_Work required_. Every record below must be returned word for word, with the pictures left out.

_Raw data_.
+ + + + +

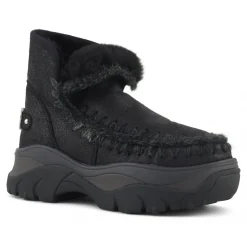 Chunky Sneaker Eskimo - Logo Big Metallic Letter
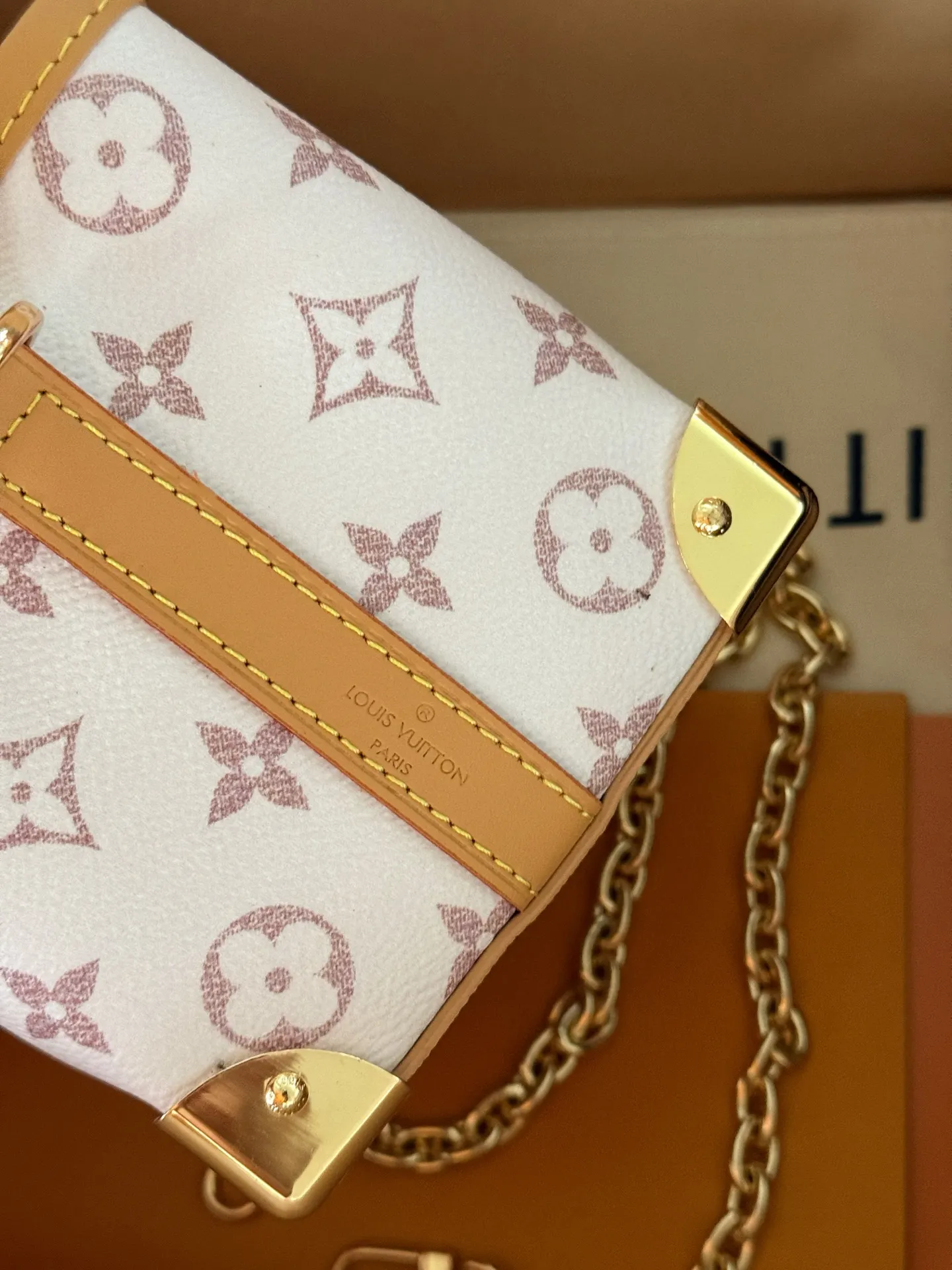 Mini Monogram Bucket Bag D31017936 — view 8
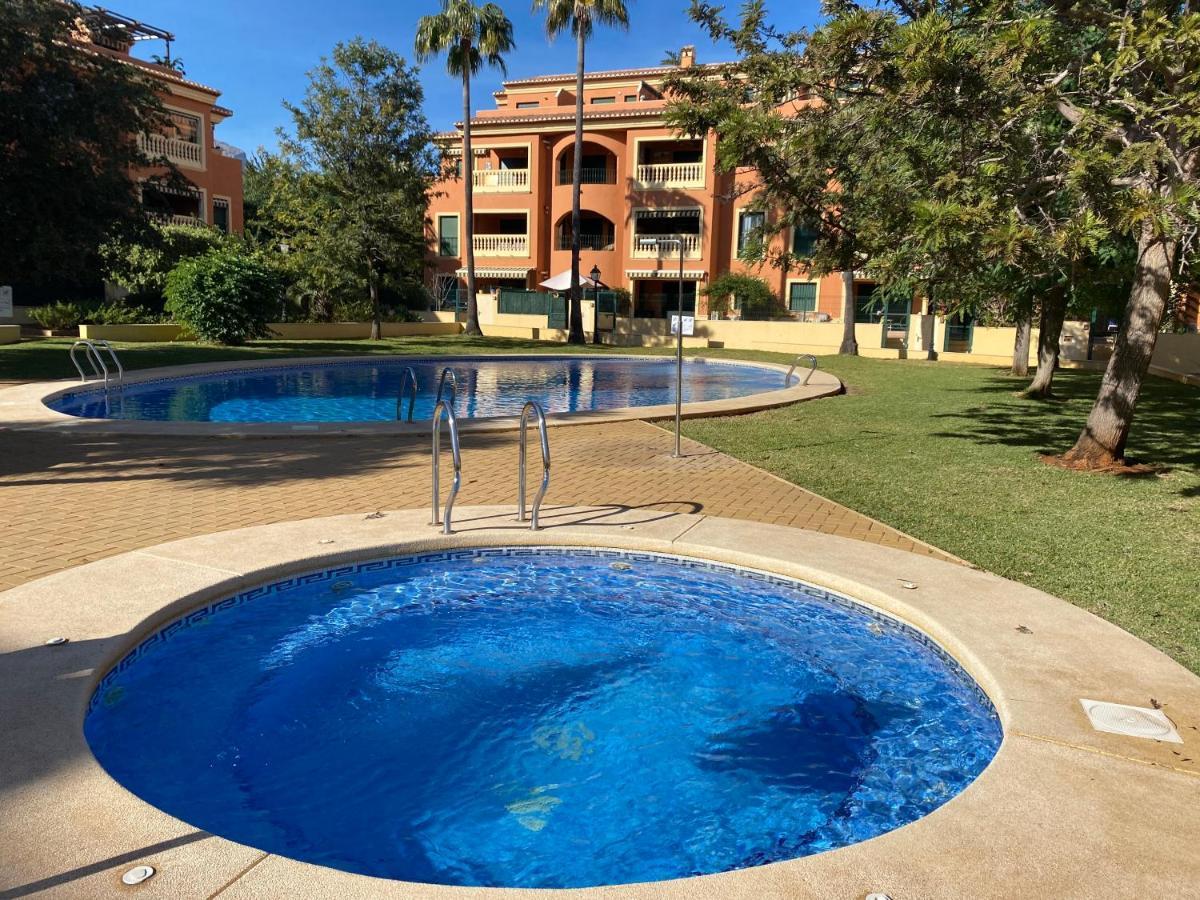 La Gavina Loft Xabia & Arcade Apartman Kültér fotó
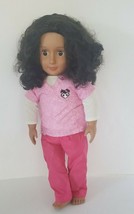 Battat Our Generation Paloma 18&quot; Pet Vet Doll - doll only - £10.80 GBP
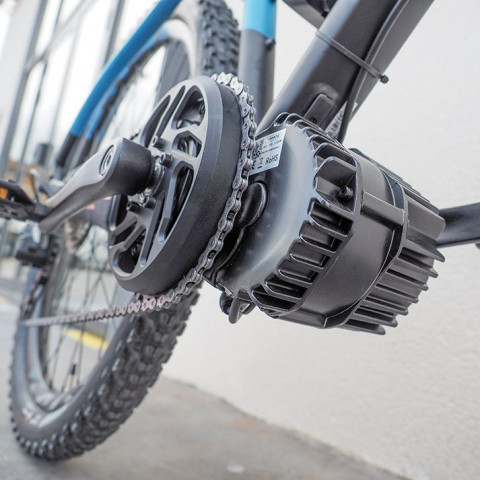  Engine kit Crankset Bafang BBS02 B 500W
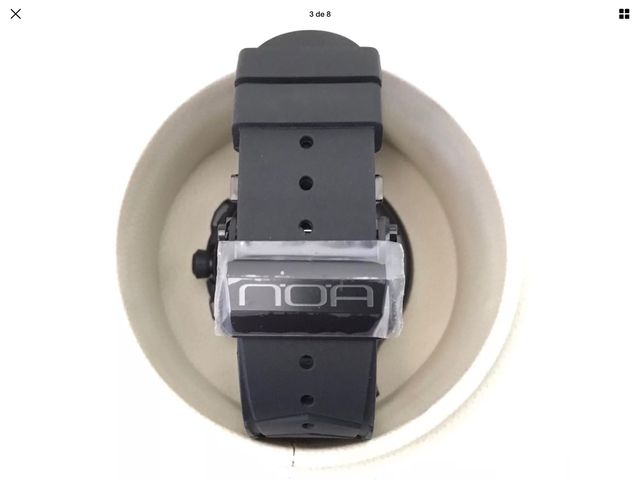 NOA ORO NERO MAMMOTH CHRONOGRAPH Automático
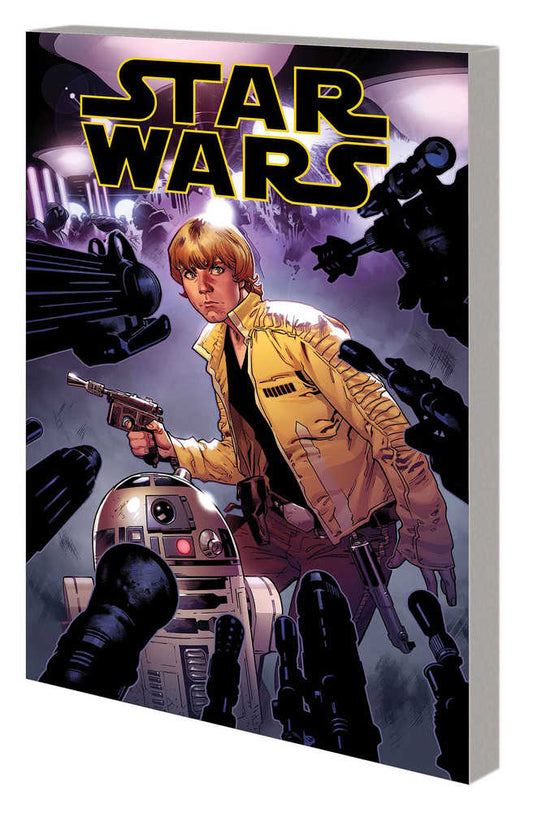 Star Wars TPB Volume 02 Showdown On The Smugglers Moon - Cadets Toys & Comics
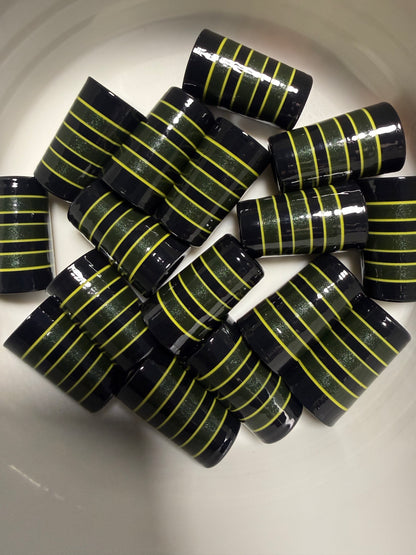 Bogey Hunter .355 ferrules 1 inch 10pack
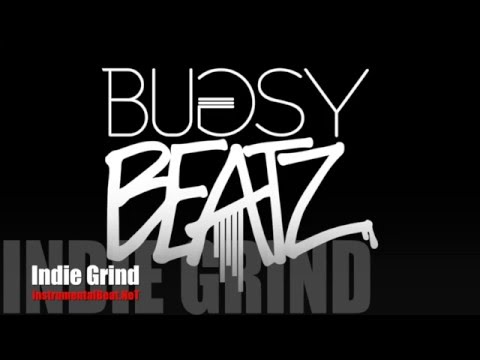 Instrumental Beat by Bugsy Beatz - Indie Grind ( Preview )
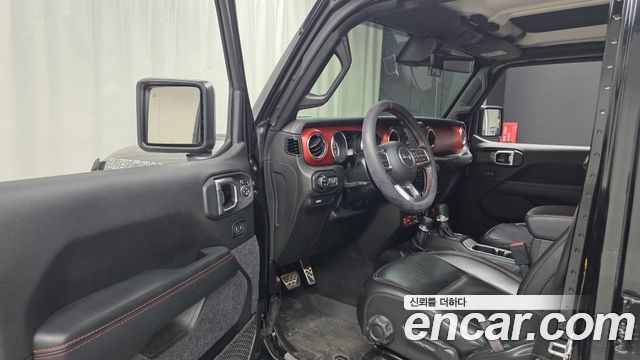Jeep Gladiator 2022 — photo 13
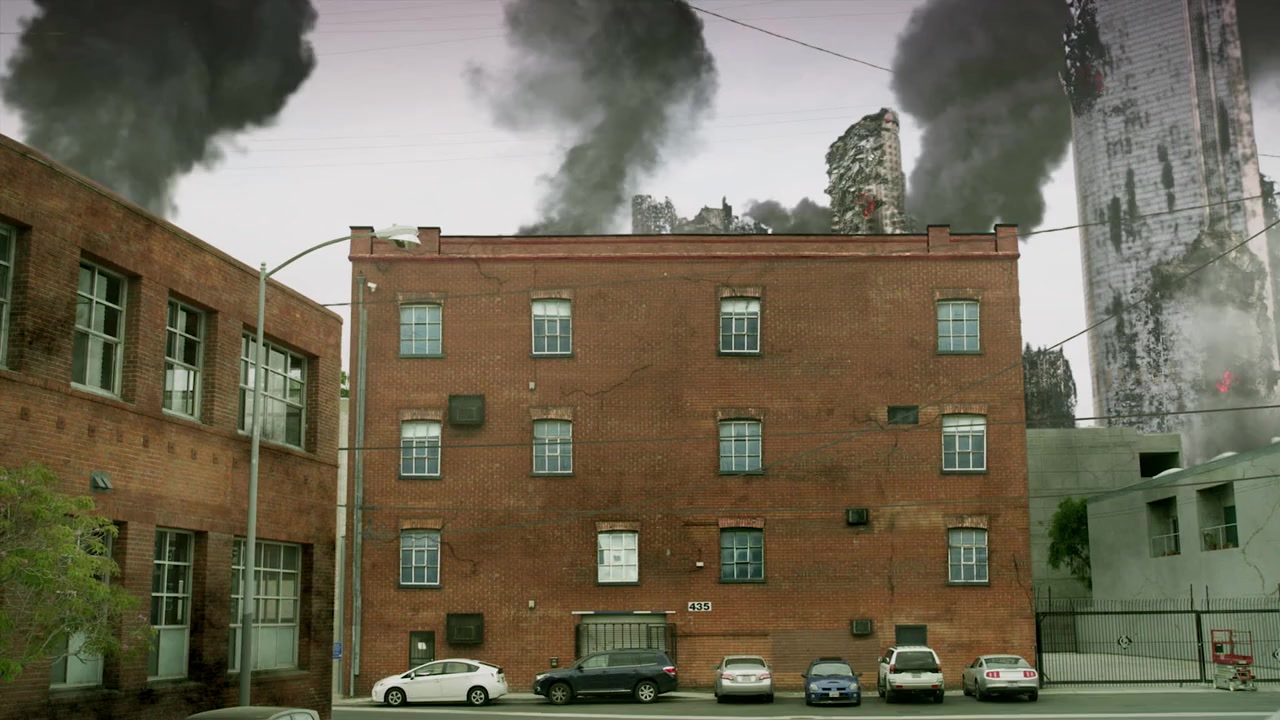 Drone Wars screenshot 1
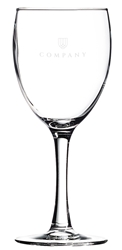 Picture of Pinot 8.5oz  - Etched
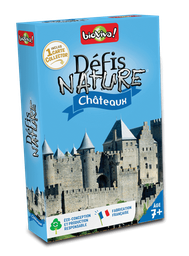 [02719] Bioviva! - Défis Nature - Châteaux - 7 ans et +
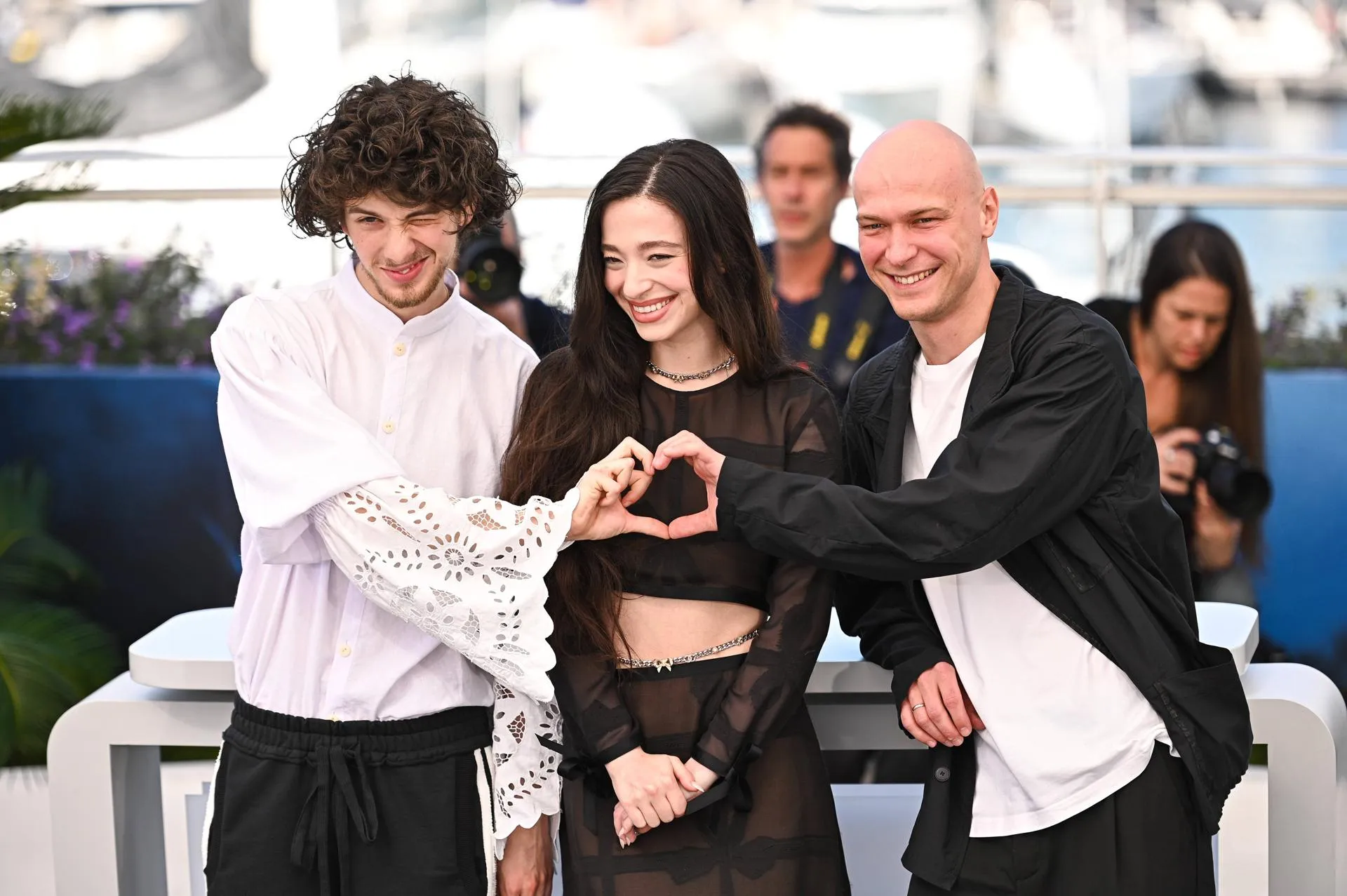 IMAGO/Stefanos Kyriazis / LiveMe/Global Look Press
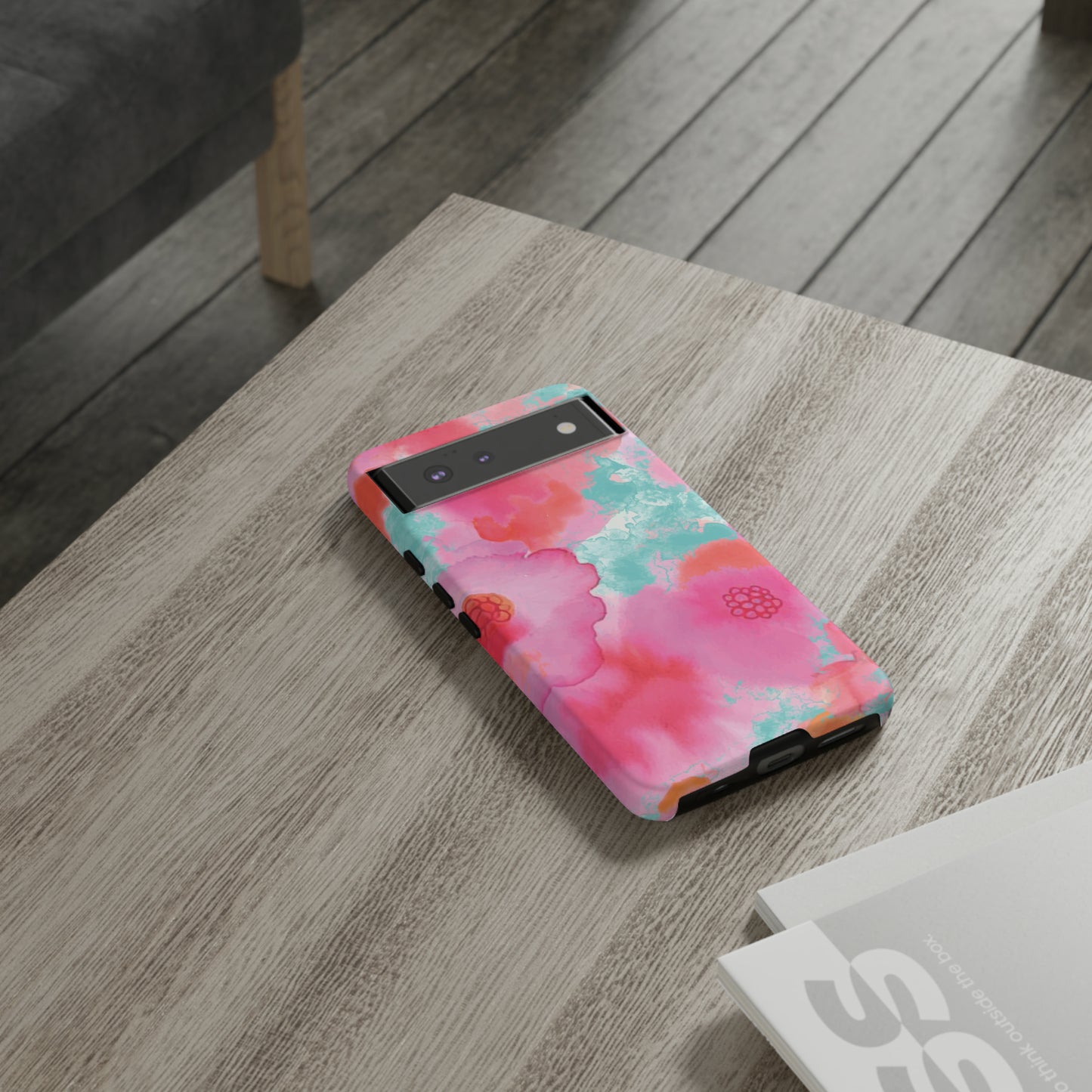 Flower Garden Only / Google Pixel Tough Case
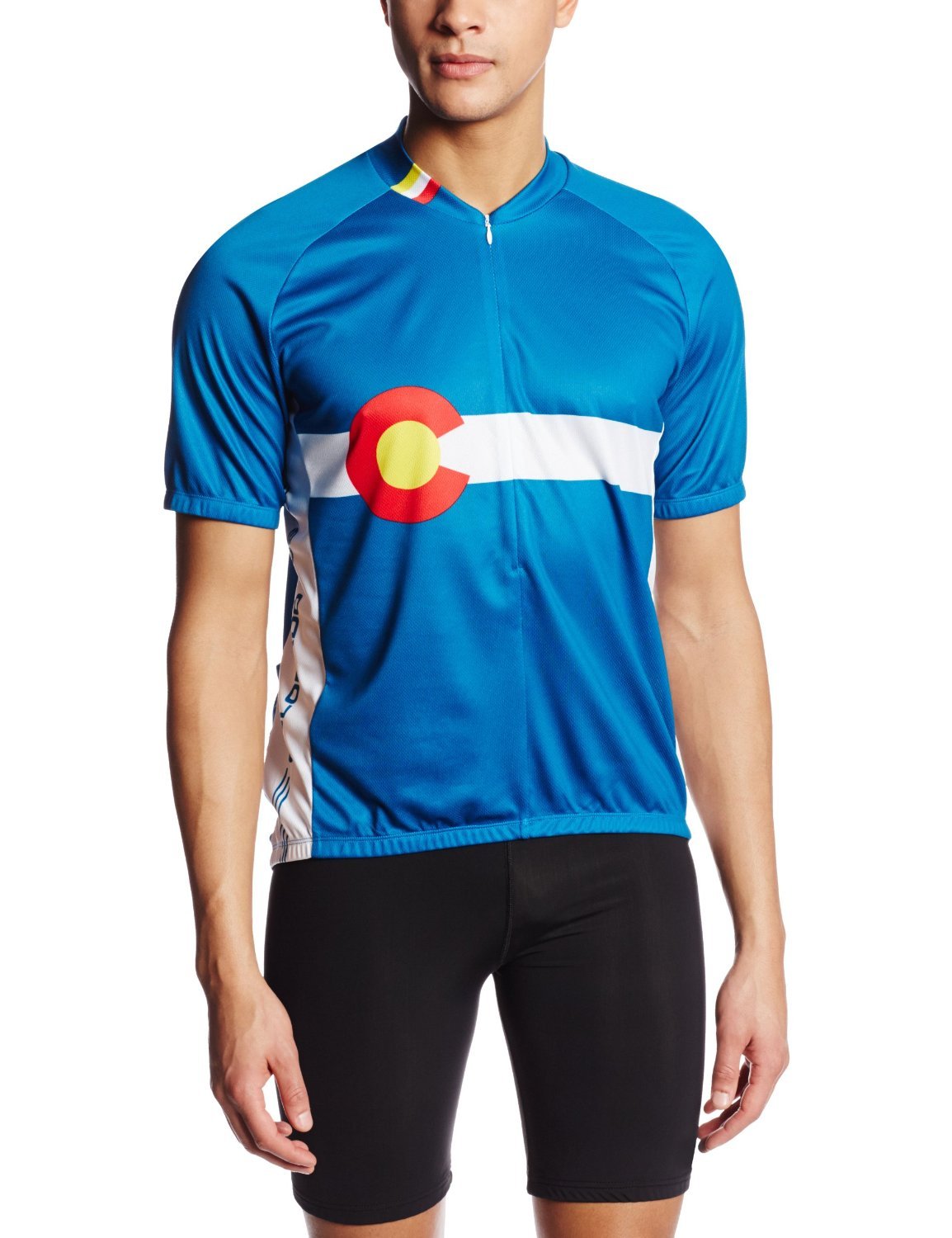 Pearl Izumi Ride Men's Select LTD Cycling Jersey - Lightweight & Breathable Bike Shirt for Road & Mountain Biking - Perfect for Training, Racing & Outdoor Cycling Adventures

+ + + + +

_Exercise result_.
 Chunky Sneaker Eskimo - Logo Big Metallic Letter
 Mini Monogram Bucket Bag D31017936 — view 8
 La Gavina Loft Xabia & Arcade Apartman Kültér fotó
 Battat Our Generation Paloma 18&quot; Pet Vet Doll - doll only - £10.80 GBP
  Engine kit Crankset Bafang BBS02 B 500W
 NOA ORO NERO MAMMOTH CHRONOGRAPH Automático
 Star Wars TPB Volume 02 Showdown On The Smugglers Moon - Cadets Toys & Comics
 Bogey Hunter .355 ferrules 1 inch 10pack
 Instrumental Beat by Bugsy Beatz - Indie Grind ( Preview )
Jeep Gladiator 2022 — photo 13
 Drone Wars screenshot 1
 Picture of Pinot 8.5oz  - Etched
 [02719] Bioviva! - Défis Nature - Châteaux - 7 ans et +
 IMAGO/Stefanos Kyriazis / LiveMe/Global Look Press
 Flower Garden Only / Google Pixel Tough Case
 Pearl Izumi Ride Men's Select LTD Cycling Jersey - Lightweight & Breathable Bike Shirt for Road & Mountain Biking - Perfect for Training, Racing & Outdoor Cycling Adventures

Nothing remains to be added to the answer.